Before Kelly, Dixon threw 12 TDs and 14 INTs. With Kelly, he threw 20 TDs and 4 INTs. His avg went up from 6.7 to 8.4. That should give you a ballpark estimate of the degree to which Kelly's system can inflate passing statistics.
Thomas is a better runner than a passer. Thomas is used more often as a passer. These are not mutually exclusive.
|2 years 21 weeks ago||agree||
He's not a special player period, but he's an above-average runner and a below-average passer, IMO.
I'm not disputing his productivity, I'm arguing it's a result of the system, not his skills. His backup was a freshman who did just as well, if not better, statistically.
|2 years 21 weeks ago||Denard is asked to do different things||
My point was not Darron=Denard, it was that good passing stats don't necessarily mean good passing skills.
It's fine that you don't want to believe me about Thomas, but you might read some other objective analysis rather than blindly pointing to stats.

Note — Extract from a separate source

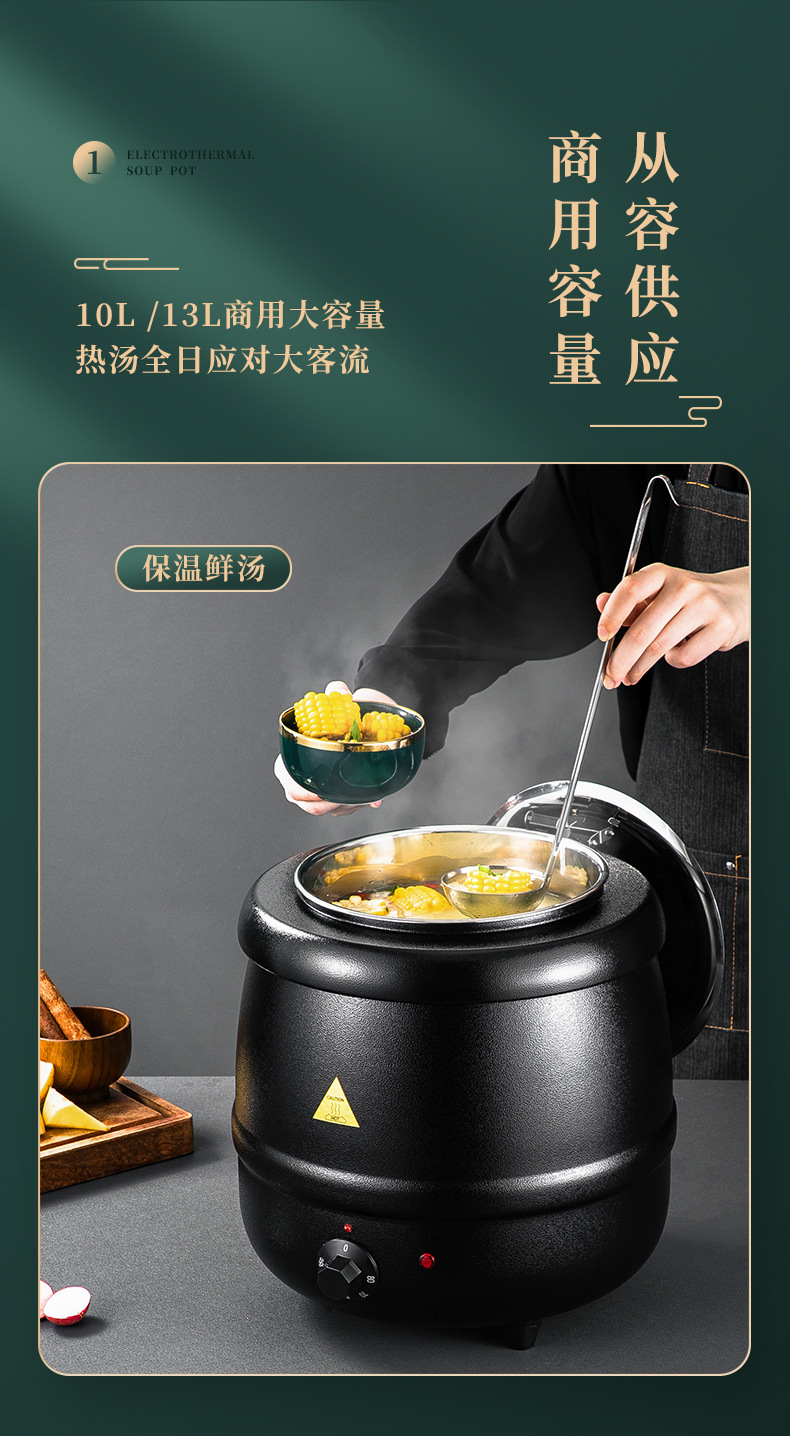 Electronic warm soup pot, commercial heat preservation electric constant temperature soup pot, self-service restaurant hotel 10L cast iron stainless steel soup pot pic 5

As the article says, Thomas is a good 'game-manager'. He makes smart decisions. It helps that he's been in the same system for 4 years, under the same coach. Thomas had 2 years on the bench to watch and learn. Comparing him to a very raw sophomore Denard or a junior Denard facing a coaching change, isn't especially insightful.
I live in Oregon. I'm not a fan, but I watch a lot of Ducks football. Thomas is not a good passer, he's just in a really good system that lets him make easy throws. He has some passing skills, but they are unexceptional. He IS a legitimate run threat, above-average certainly, but not nearly on the same level as Denard or even Dixon, and certainly doesn't compare to De'Anthony Thomas and LeMichael James caliber runners.
|2 years 21 weeks ago||Good to know||
It's not just Michigan fans who can spin almost anything into a positive.
The importance of that Dec-Jan timeframe for recruiting seems to be diminishing a bit with all the early commitments. I don't think this is just my Michigan-biased perspective, but it could be. I'll stand corrected if Meyer flips a handful of high profile recruits.